● Directions for this task: Reproduce the data exactly as given, except for any images.

● Data below:
===============

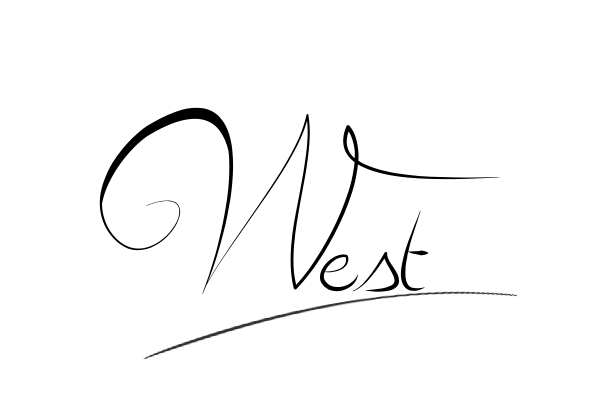 The best stylish West name signature simple easy in English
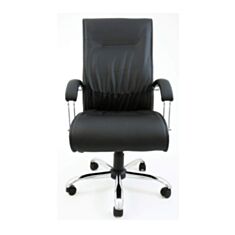 Крісло для керівників Richman Мюнхен хром чорне - фото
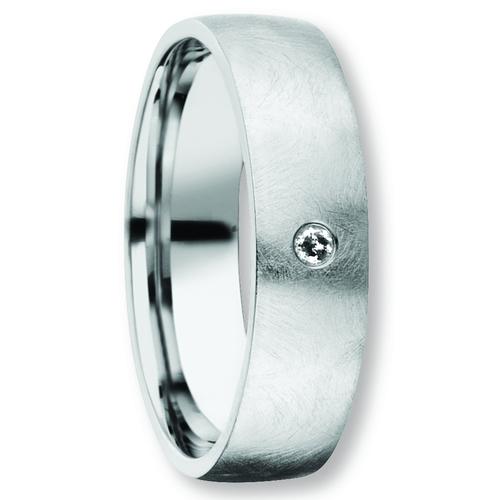 Diamantring VIVANCE Fingerringe Gr. 48, Silber 925 (Sterlingsilber), silberfarben (silber) Damen Silber Schmuck Freundschaft Partner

===============

● Answer for the task:
 The best stylish West name signature simple easy in English
 Крісло для керівників Richman Мюнхен хром чорне - фото
 Diamantring VIVANCE Fingerringe Gr. 48, Silber 925 (Sterlingsilber), silberfarben (silber) Damen Silber Schmuck Freundschaft Partner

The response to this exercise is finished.